As-tu dû faire face à des imprévus au cours de cette Traversée 223 ?
Je m’étais préparée à pas mal de choses, mais je n’aurais pas pensé faire toute la traversée avec la même paire de chaussures. En fait, j’ai commencé la balade avec des Altra Rivera, plutôt conçues pour la route/chemin simple. Et au bout de 150 bornes, je me suis dit : bon allez, change un peu du 0 drop et prends tes New Balance (les Summit Unknown). Et là : quelle erreur j’ai faite… Ça m’a provoqué de vives douleurs aux tibias. Et au lieu d’appeler mon assistance pour récupérer mes Altra, j’ai continué pendant 20 bornes avec les NB. Du coup, j’ai dû balader ces douleurs jusqu’à la fin de la traversée, bien qu’une fois les Altra récupérées, ça allait quand même mieux. Par la suite, je n’ai plus voulu prendre de risques : j’ai fait les 450 bornes restantes avec les Altra, même dans les falaises, les pierres etc. Résultat : elles sont bien fichues, mais je n’ai eu aucune ampoule ou autre inconfort ! L’autre imprévu, c’est que j’ai eu très rapidement des problèmes de circulation, que j’ai déjà plus ou moins au quotidien. Mes jambes ont vite gonflé : ça n’a pas aidé aux libres mouvements articulaires. Les chaussettes que j’avais, les belles BV Sport / Des Bosses et Des Bulles me comprimaient beaucoup trop les mollets alors j’ai ressorti une vieille paire de chaussettes basses que j’ai gardées jusqu’à la fin de l’aventure.
Y a-t-il un secteur ou une région que tu as particulièrement aimé ?
Je connaissais déjà une partie des plages balnéaires (Deauville, Cabourg…), une partie du Val de Saire (phare de Gatteville, l’Anse du Brick…) ainsi qu’une partie de la Hague (Jobourg, Herqueville…) dont je ne me lasse pas. Mais si je devais choisir un secteur, je dirais Carolles, juste après Granville : un terrain rocailleux avec un joli profil. En plus, c’est à partir de ce moment que l’on commence à voir le Mont-Saint-Michel.
« J’ai finalement préféré privilégier la récolte de dons pour les enfants malades. »
Tu avais initialement programmé une arrivée le samedi, avant de la décaler au dimanche. Pour quelle raison ?
J’avais surtout programmé d’aller jusqu’au bout et d’arriver durant le week-end. Pour l’événement, j’avais effectivement noté la date du samedi afin de donner un ordre d’idée. Au fur et à mesure de la traversée, voyant que je n’arrivais pas à courir plus vite que l’allure à laquelle j’allais, je me rendais compte que j’allais arriver dans la nuit du samedi au dimanche.
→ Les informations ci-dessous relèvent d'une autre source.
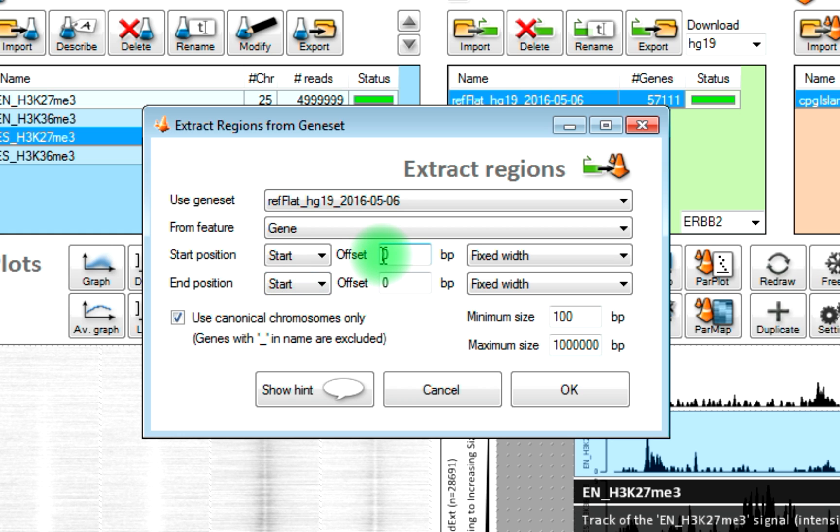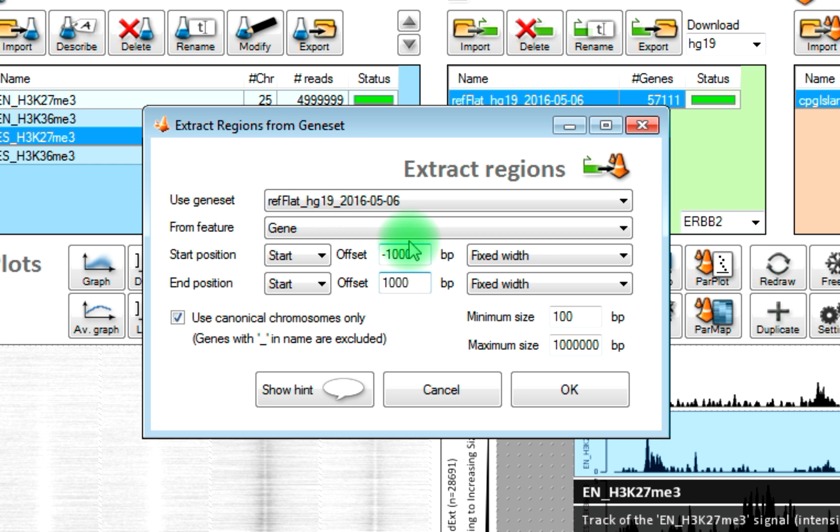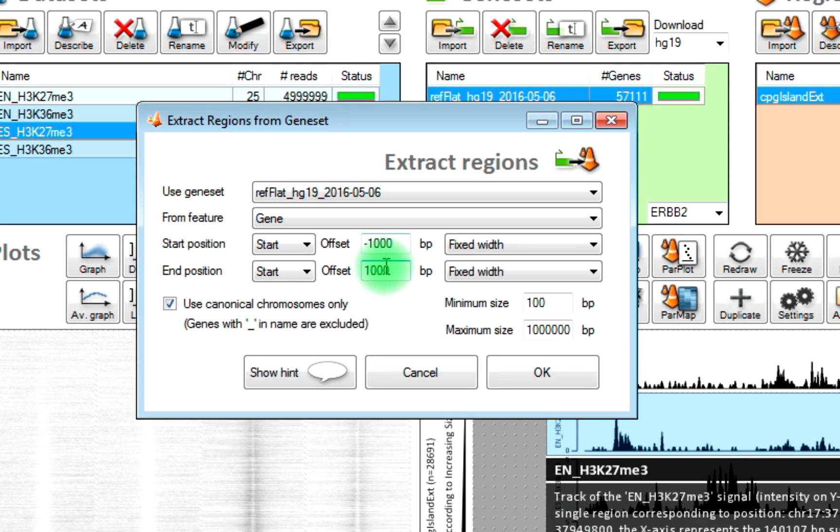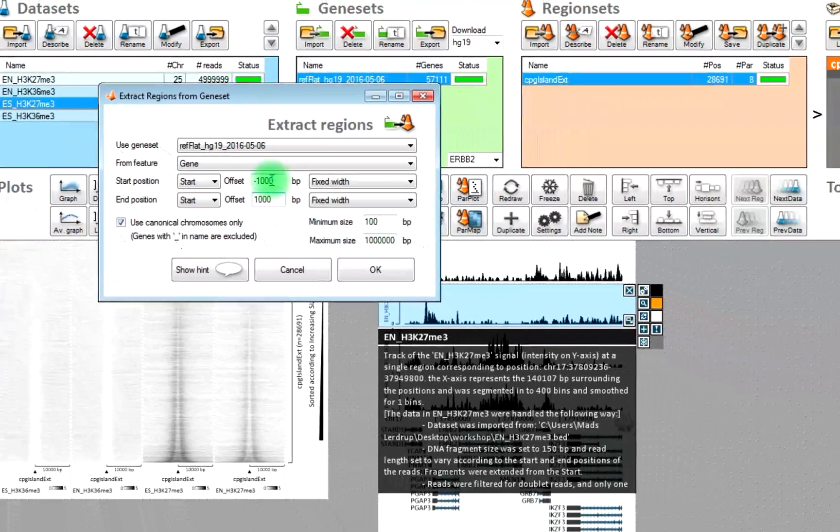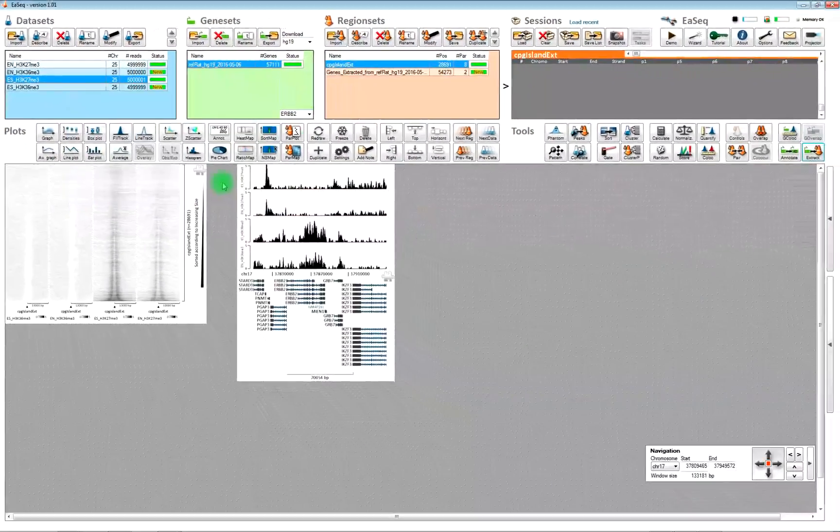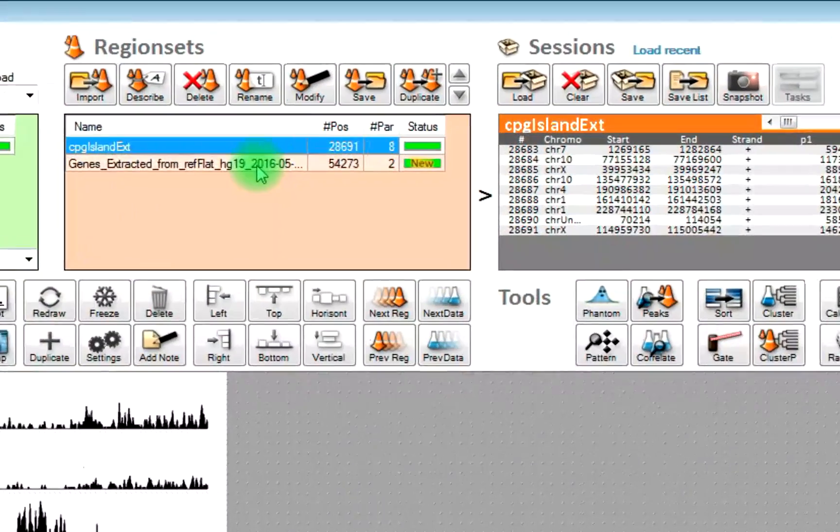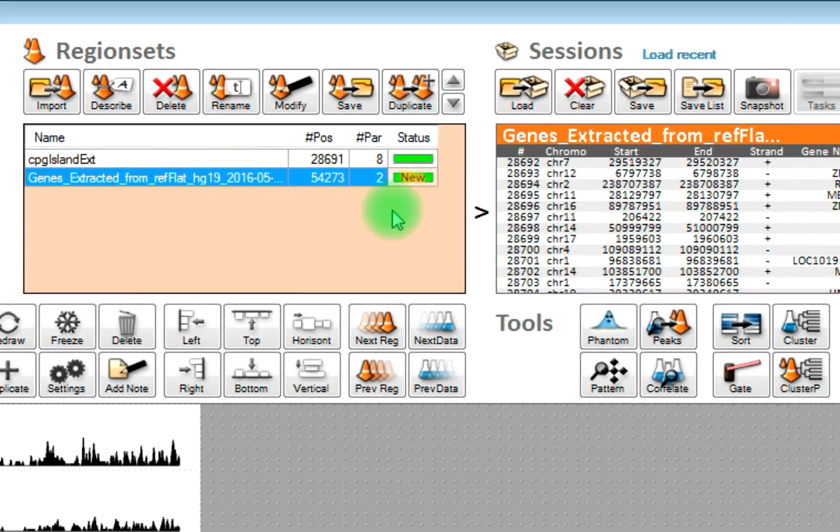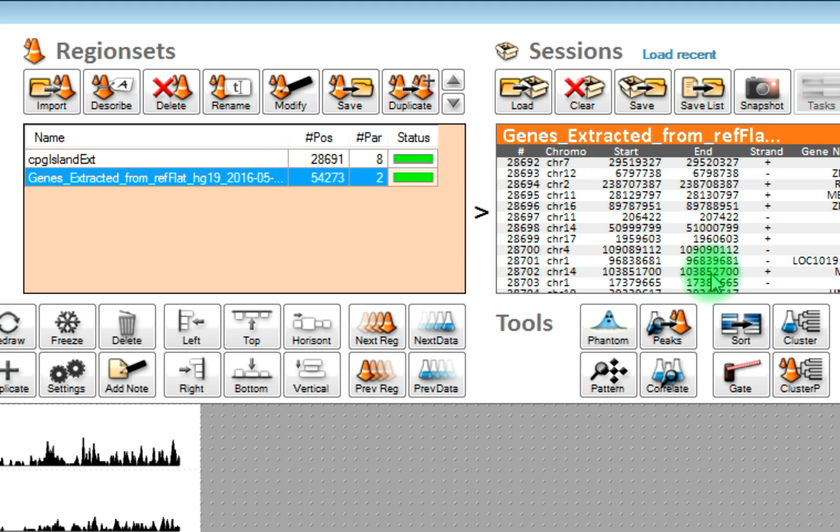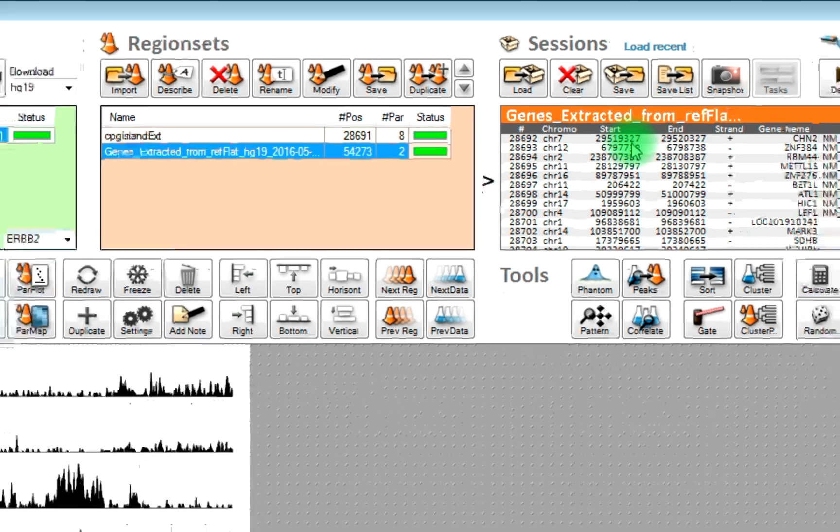We could also introduce an offset. Let's say we wanted to have some regions that correspond to minus 1000 base pairs upstream the TSS to plus 1000 base pairs downstream the TSS. Then we type it here. Click OK. Now we have 54,000 regions corresponding to the transcription start sites or the 2000 base pairs around the transcription start sites.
Même si j’aurais aimé arriver plus tôt, il fallait que je me rende à l’évidence. Alors j’ai pris le temps de réfléchir : soit tu arrives à l’heure où tu arrives, mais de toute façon tu arriveras après le samedi après-midi et donc, de nuit, tu n’auras personne à ton arrivée au Mont-Saint-Michel ; soit tu privilégies un de tes objectifs initiaux : récolter des dons pour les enfants du Centre Hospitalier Public du Cotentin. Et donc tu prends le temps de t’arrêter dans la nuit du samedi au dimanche et tu programmes et diffuses sur les réseaux sociaux une arrivée prévue à la passerelle du Mont-Saint-Michel le dimanche à 10h30 pour partager ce moment avec ceux qui le souhaitent.
As-tu eu beaucoup d’accompagnateurs sur tout ton parcours ?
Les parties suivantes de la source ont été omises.